_Task requirements_
Pictures stay out of the output. Return exactly the lines below from the one with "QRコード https://" down to the one with "Khó Dỗ Dành Chapter 88 - Trang 4", both included, and nothing more.

_Data for analysis_
<<<<

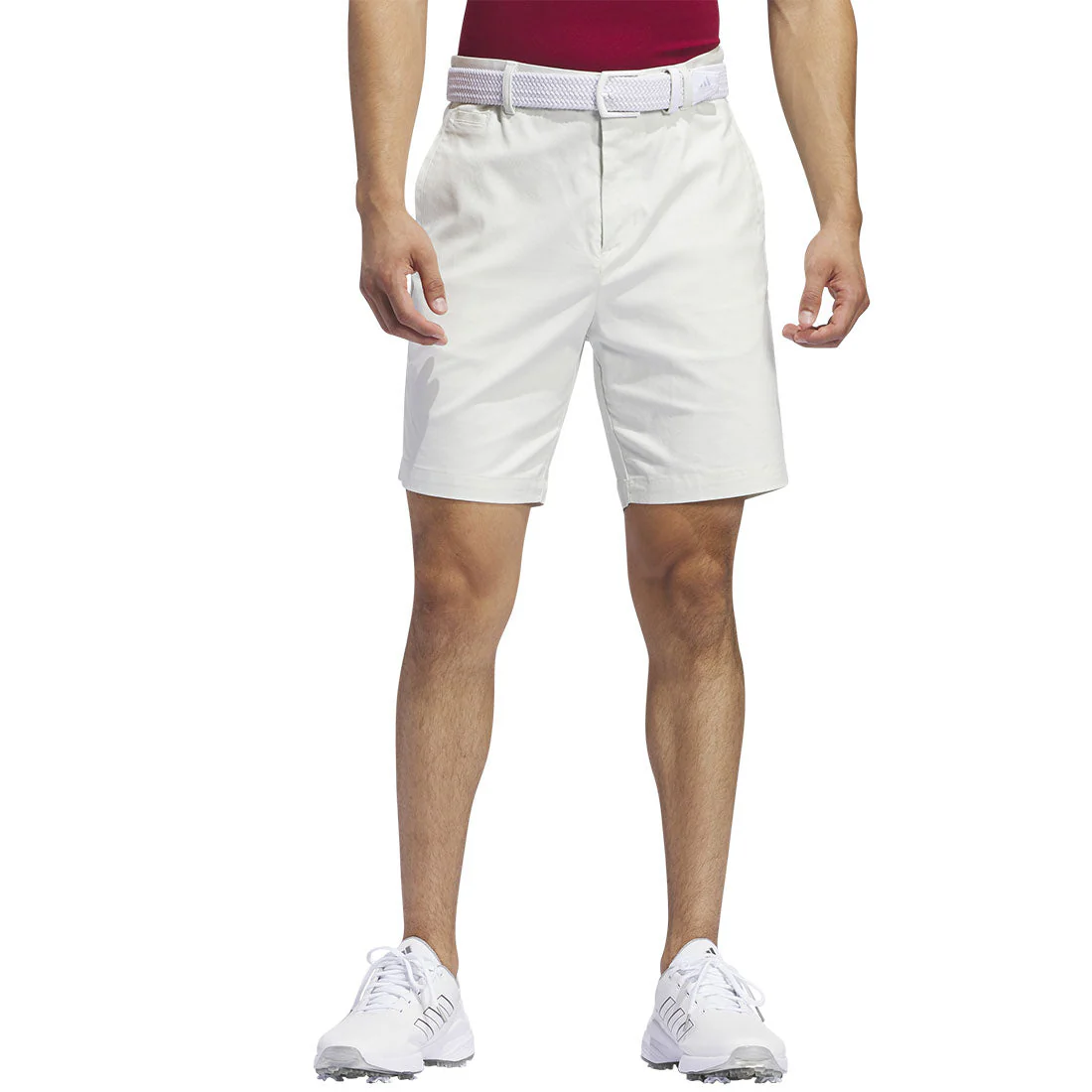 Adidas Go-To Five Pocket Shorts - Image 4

>>>>
<<<<

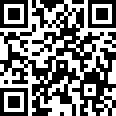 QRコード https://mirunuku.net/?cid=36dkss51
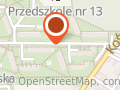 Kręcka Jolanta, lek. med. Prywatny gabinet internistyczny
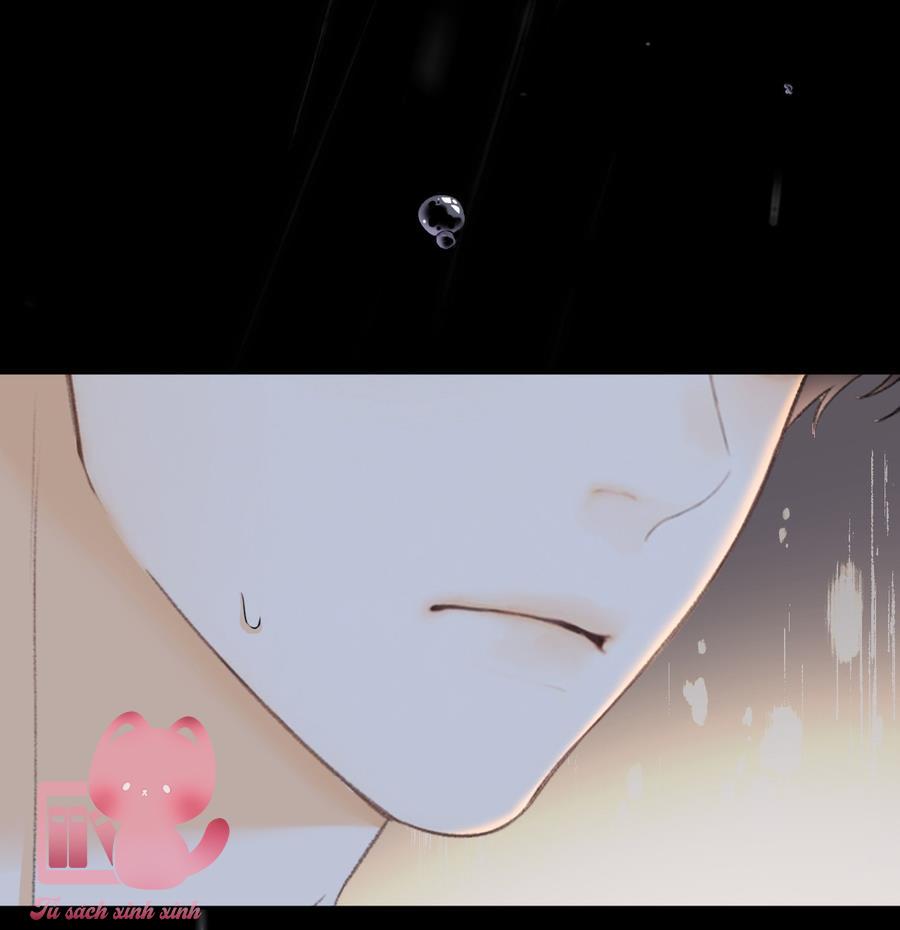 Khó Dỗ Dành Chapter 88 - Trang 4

>>>>
<<<<

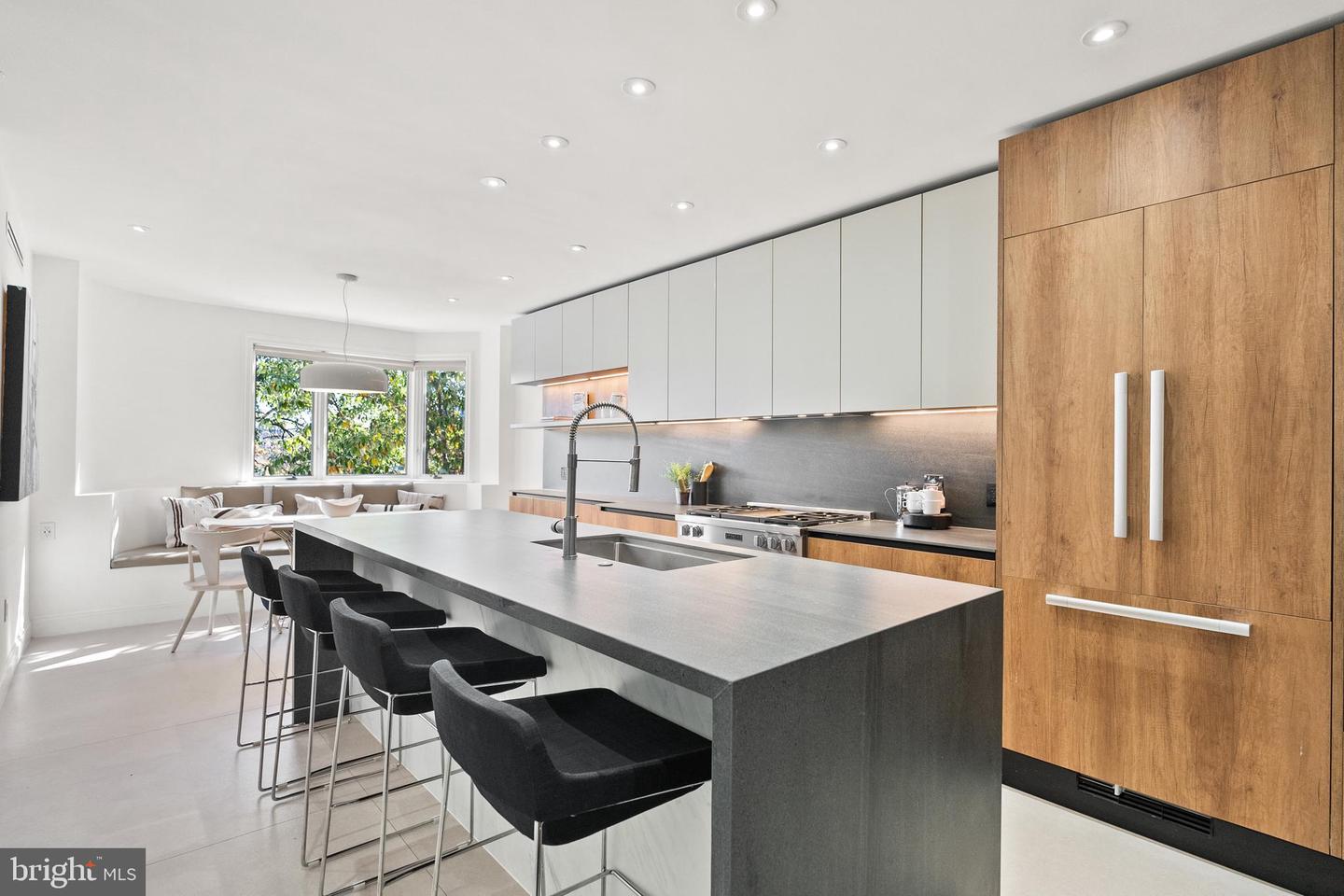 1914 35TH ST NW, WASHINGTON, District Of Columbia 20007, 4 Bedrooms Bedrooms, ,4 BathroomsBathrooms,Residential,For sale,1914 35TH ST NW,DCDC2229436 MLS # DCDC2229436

>>>>

_Answer to the exercise_
 QRコード https://mirunuku.net/?cid=36dkss51
 Kręcka Jolanta, lek. med. Prywatny gabinet internistyczny
 Khó Dỗ Dành Chapter 88 - Trang 4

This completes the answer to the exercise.